What better way to spark a spirited classroom debate on ethics than by exploring the complex messages often found in fairy tales? In this Education World story, guest editor Elaine L. Lindy introduces three tales -- Puss in Boots, Jack and the Beanstalk, and a Tibetan tale, From the Elephant Pit -- that can be used for starters! Included: Tips for managing an ethics debate in the elementary or middle school classroom!
What better way to spark a spirited classroom debate on ethics than by exploring the complex messages often found in fairy tales?
Children enjoy a cozy familiarity with fairy tales. By basing a discussion of ethics on fairy tales, you are launching from common ground. Children aged eight and older typically are ready for meatier ethical concepts, concepts that skirt into gray areas of lesser evils or relative priorities.
Following are a few suggestions drawn from the land of fairy tales to get your students' thought wheels humming.PUSS IN BOOTS: WHEN IS TRICKERY JUSTIFIED?
In this classic French fairy tale, a clever cat engineers a succession of hoaxes and lies for the benefit of his master. As a result, his master eventually marries the king's daughter and appoints Puss in Boots prime minister, and all parties live happily ever after.
You can print a text version of Puss in Boots from the Internet. A well-illustrated version of the story is also available in The Golden Book of Fairy Tales, by Marie Ponsot (Golden Books).
Here, you might ask young readers, "Was Puss in Boots wrong to lie to the king and to deceive him?" The absolute quality of honesty can be leveled against the compelling urges of loyalty and friendship.
After several clever tricks, Puss in Boots leads the king and his lovely young daughter to a castle belonging to an ogre. Running ahead of the group, the frisky feline dares the ogre to transform himself into a mouse. When the ogre successfully transforms himself, Puss in Boots promptly pounces on the hapless creature and devours him. That enables his young master, who arrives moments later with the king and his entourage, to claim that the castle is his own. In so doing, the young man clinches his nuptial prospects with the king's daughter.
Here, you can further challenge your students: "Was the cat wrong to trick the ogre and then kill him?" Youngsters who argued earlier that the king was in no way damaged by the verbal deceptions and exaggerations of Puss in Boots must reckon with an act leading to an untimely death.
Finally, pose this question: "Is trickery ever justified?" Challenge students to support their positions, whatever they may be, with at least three cogent arguments.
JACK AND THE BEANSTALK: IS TAKING A GOOSE AND A HARP FROM AN EVIL GIANT STEALING?

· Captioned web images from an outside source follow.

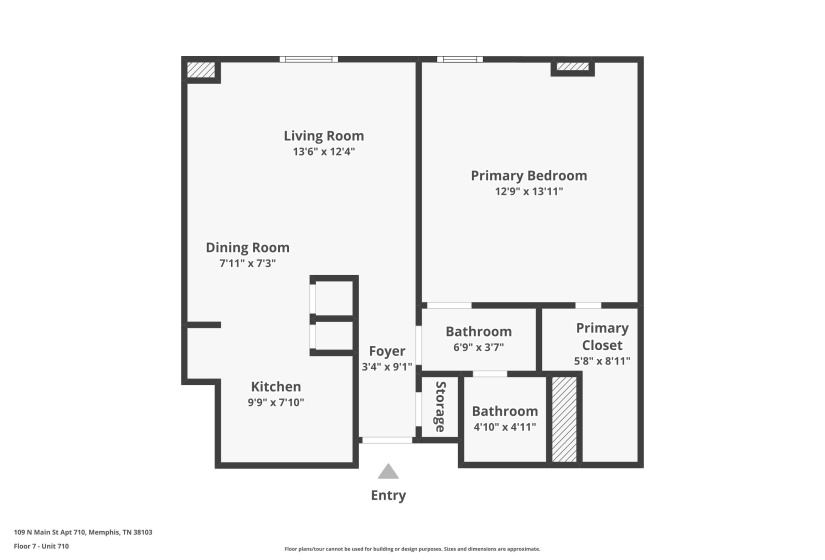View of floor plan / room layout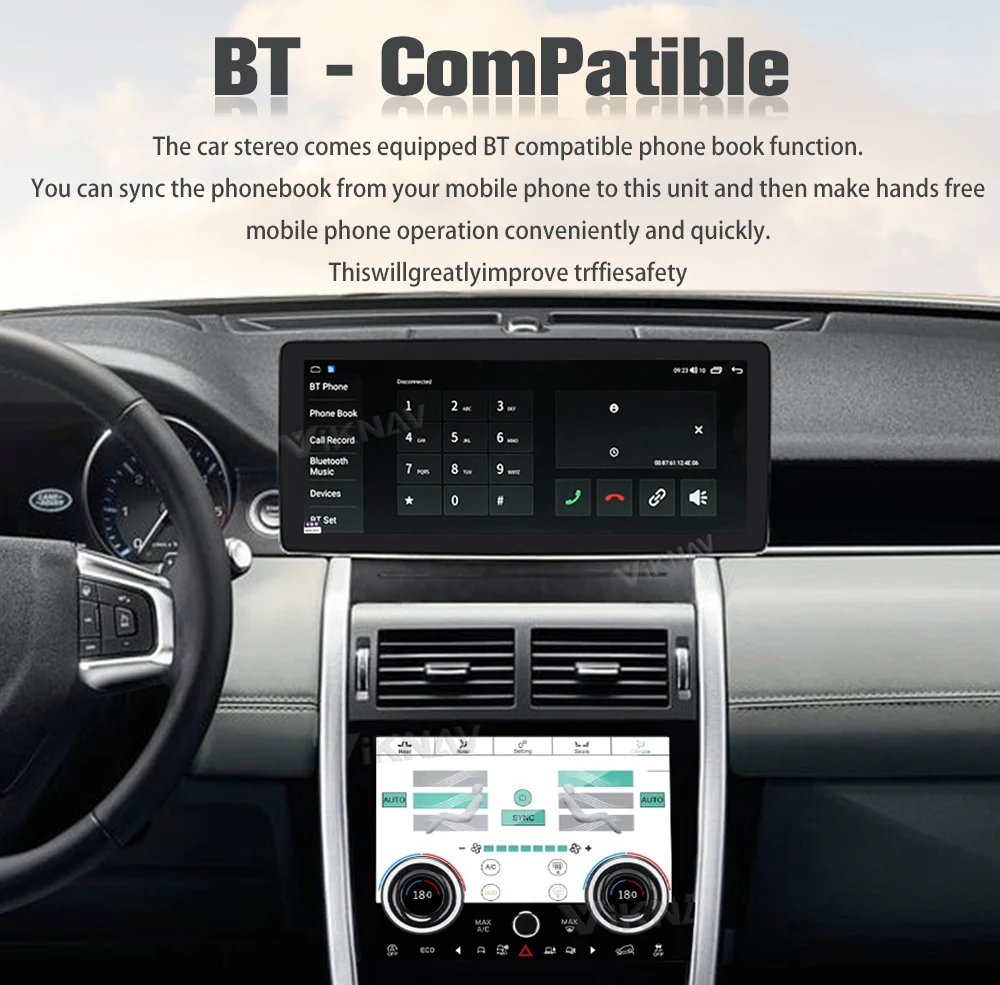 Радио для автомобилей Android для Land Rover Discovery Sport L550 2015-2019 GPS навигация Новое обновление беспроводного Carplay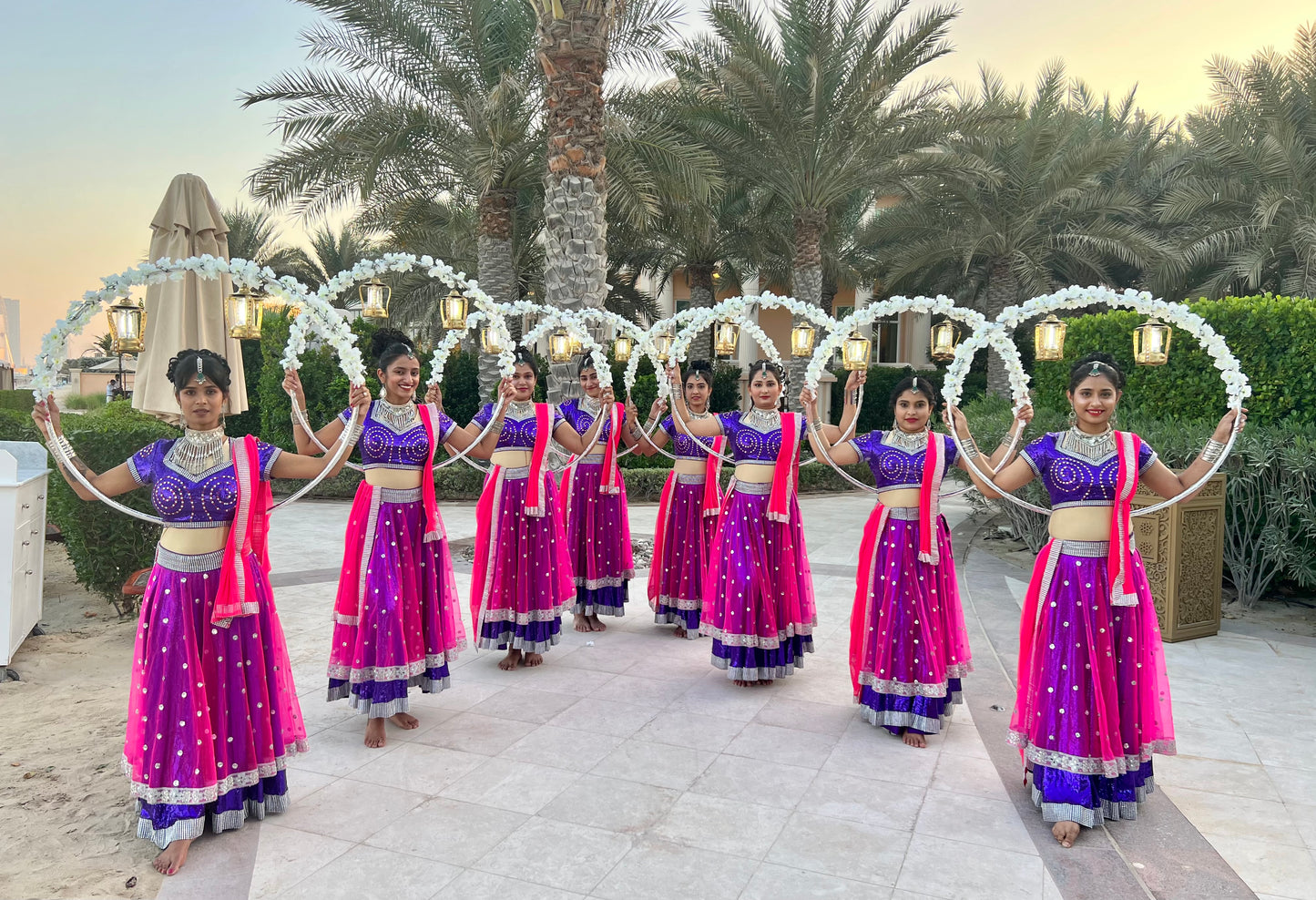 Wedding entry dancers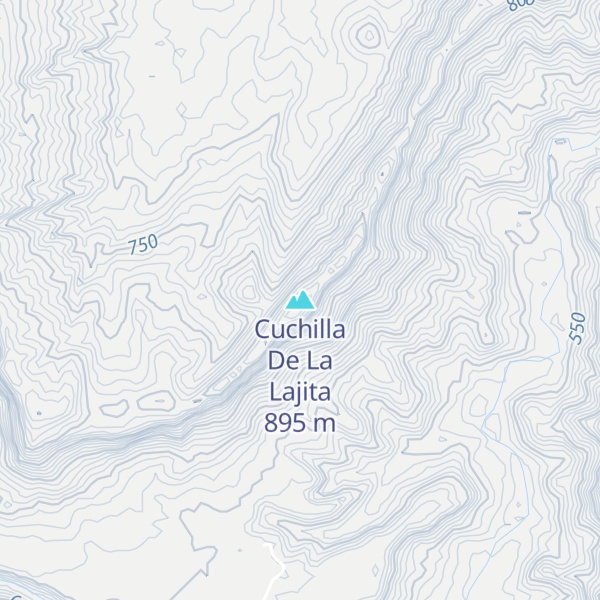 Map of Cuchilla De La Lajita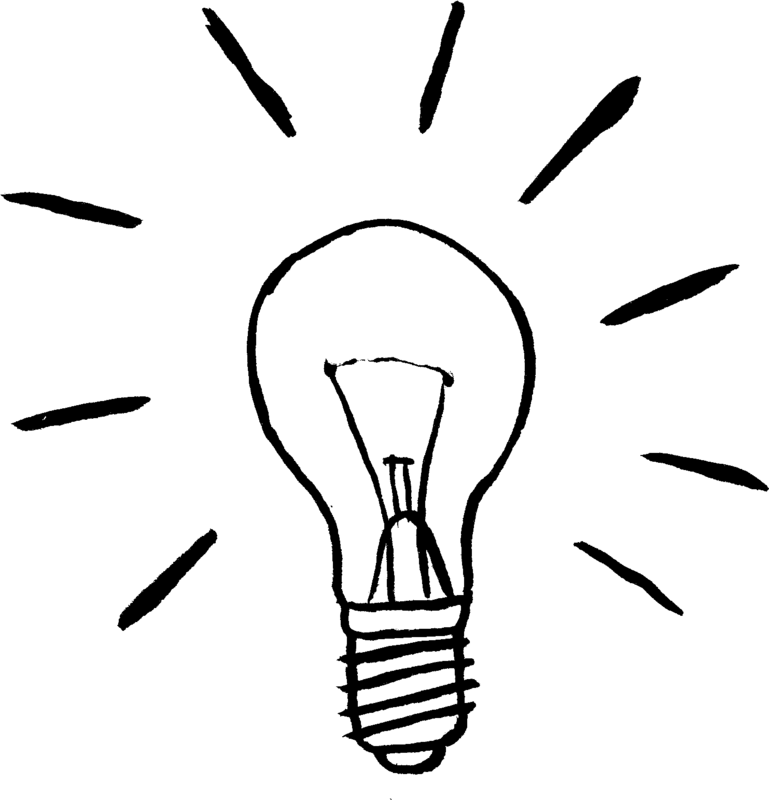 Light bulb drawing pictures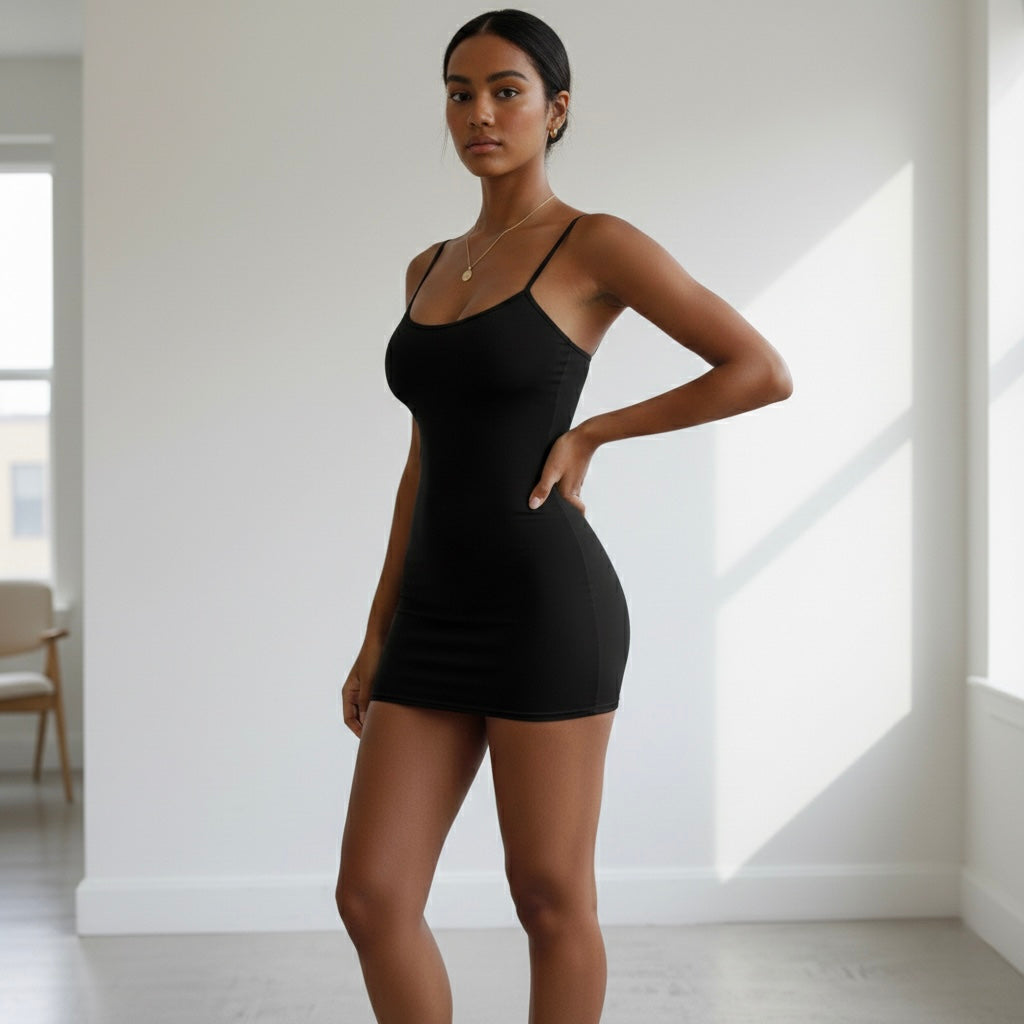 Seamless Mini Dress – Fine Strap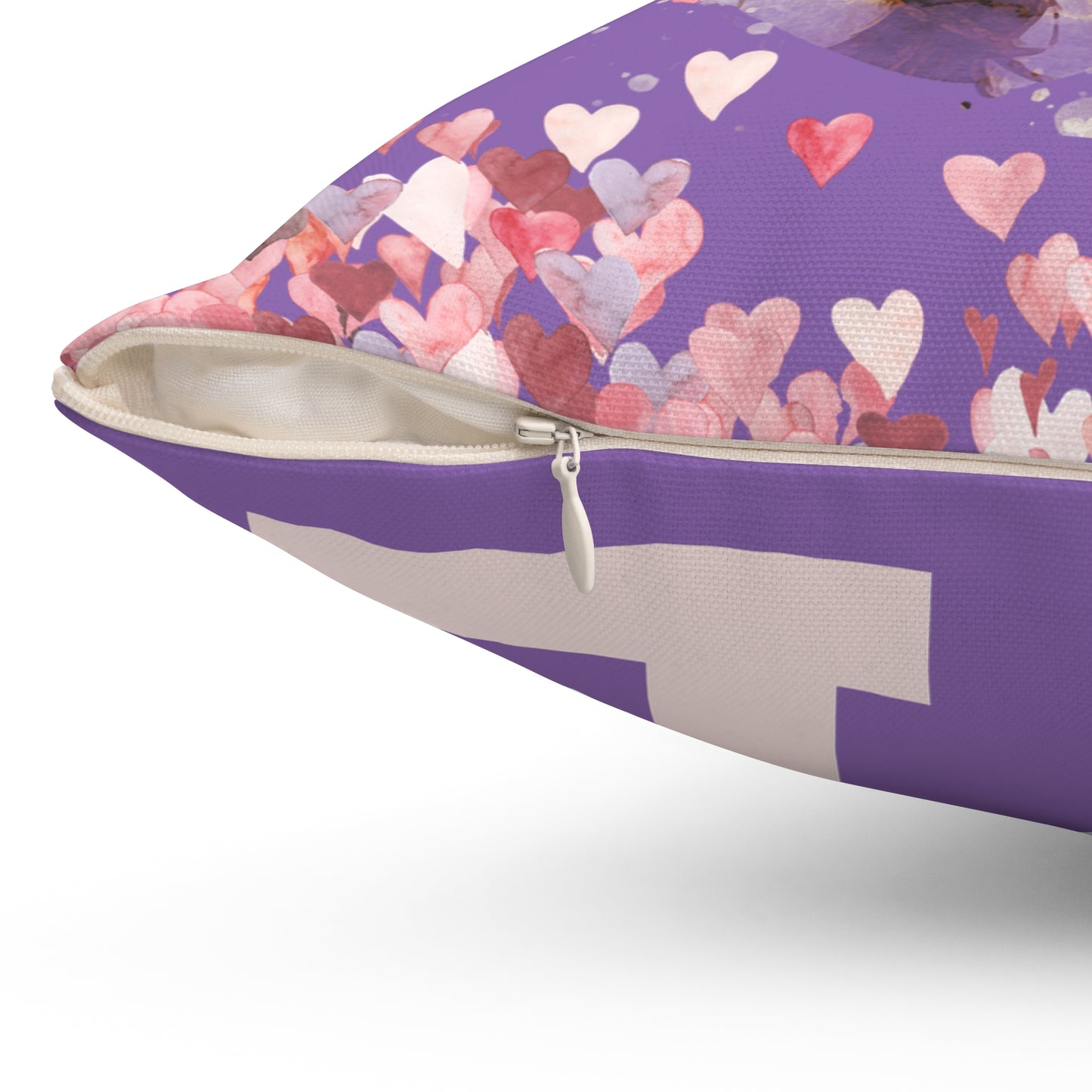 Personalized Spun Polyester Pillow with Artistic Effect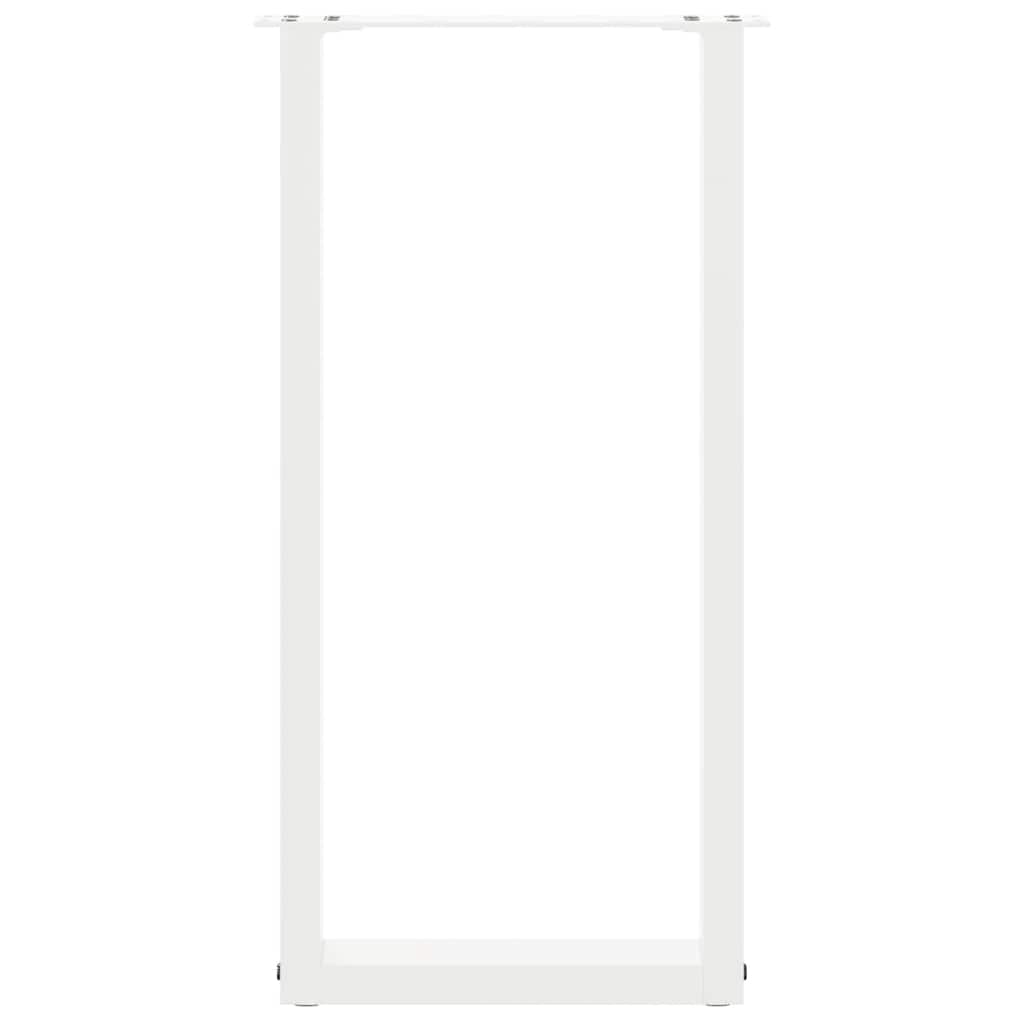 Console Table Legs U-Shaped 2 pcs White 38x(72-73) cm Steel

Your students might enjoy acting out a play version of Jack and the Beanstalk.
This classic story offers a twist on the theme of honesty. We all know the story of young Jack, whose impoverished mother is left with nothing but the family cow. Jack is sent to market to trade the cow for as much money as he can. Jack trades the cow for a handful of beans, and in despair, his mother throws the beans out the window.
Overnight, a giant beanstalk grows into the sky. When Jack climbs to the top of the beanstalk, he finds the home of a mean giant. Narrowly escaping from the giant with his life, Jack scampers down the beanstalk with two treasures stolen from the giant -- a goose that lays golden eggs, and a magic harp. Thus, Jack happily secures the future for himself and his mother.
You might begin by reiterating that Jack faced imminent danger in the giant's house ("Fee! Fi! Fo! Fum! I smell the blood of an Englishman!"). Ask: "Since the giant wanted to eat Jack, was it OK that Jack stole the giant's goose and harp?"
Listen carefully to the arguments raised, pro and con. You might follow up with this remark: "Remember that Jack was an intruder in the giant's house. Since Jack chose to enter the giant's house, does that change your opinion?"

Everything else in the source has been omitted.